I’d wasted no time in signing up for this detail. I hated everything these people stood for.
Now, thankfully, my wolf was a bit more cautious. Or maybe I was just that much harder, having grown brittle in that dungeon. Having lost my humor and sometimes my will to keep going.
Knowing my head space, he relented.
“For now,” he said, a good enough compromise. I had no doubt he’d soon see that I was right. This whole place was vile. The things they did were beyond excuse.
I gave up control and my wolf instigated the shift. His four paws touched down onto the ground and he started forward.
We could feel everyone’s location through the pack bond as they scouted the area undetected. Granny’s cottage wasn’t much to look at, just a small dwelling with a curling trail of smoke winding from the chimney. It was nothing like her huge estate near the castle where she made her connections and paid off guards and royals. The village was equally humble, showing none of the extravagance she was known for outside of this rural place. She clearly hadn’t distributed the gold these people had helped her accrue.
I worked with my wolf to feed emotions, scents, and various other information through those bonds to the pack while willing them instructions, indicating which direction they needed to go or where they should stop. It was a complex magical system that I naturally excelled at, my alpha magic stronger than any other I’d yet met. It would ensure Granny’s people were rendered ineffective when they realized our presence. It meant she would be snared by me the moment she shifted into her wolf form.
It was why it was so important for me to walk in the light. To stay on the side of steadfast morality. I had the power to enslave people to my will. If I veered or wavered, I had the power to be the biggest tyrant any wolf shifter had ever known, something the royals in this kingdom had once hoped to use to their advantage. Had used, actually, for too many years, by capturing people and tethering them to the crown.
“I would rather never have met her than to meet her and have to give her away,” my wolf whined. “Especially if we have to deliver her directly into danger.”
“She delivered herself into danger,” I said, hardening myself to the idea. I knew well I’d need to do it over and over again. I couldn’t let desire win; for this insatiable need for her to win.
“Our duty is to protect her.”
“Our duty is to protect our kingdom. She, unfortunately, chose to put our people in danger.”
“She is also incredibly rare. They say most people never meet theirs. Ever. And here she is, stashed away for safe keeping, waiting for us to find her.

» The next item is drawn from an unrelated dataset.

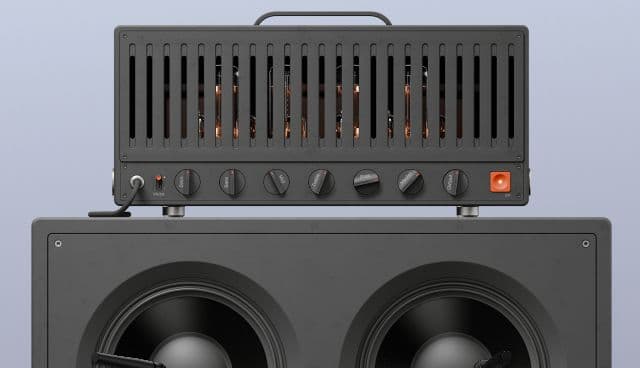 Misha Lead Rythm — Amp Head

And we did find her, against all odds. Why would it happen if it wasn’t meant to be?”
“I don’t know,” I said honestly, suddenly incredibly tired. “A cruel joke by the gods? Karma? Take your pick. It seems like this life is bringing us one nightmare after another. Maybe if we can get through this one last trial, we’ll finally find some peace.”
He responded with a sardonic laugh and I appreciated him not sharing whatever comment he thought. Even now, I longed to go back to her. To revel in her beauty and free her of her troubles. To learn about her, detail by detail, patiently studying each curve and savoring each breath.

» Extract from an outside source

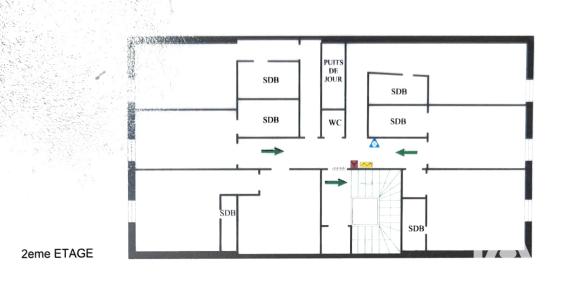 Immeuble à vendre 270 m² Perpignan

It was crazy to feel this way about a person I’d never met, but even so, I just wanted to hold her. To lose myself in her. To find an equal I couldn’t control with my will and didn’t have to stay so damn rigid with all the time. My role meant I constantly had to walk a fine line of dominance. I had to constantly prove I was trustworthy, and that I was a good guy. That I wasn’t asserting my will in an unethical manner, even with sexual partners.
It was exhausting.
Occasionally I just wanted to break free. I wanted to exult in my darkness and fuck like the world was burning around me.
But because of my past, I could not waver in my duty. Not even for something as incredibly rare as finding my true mate.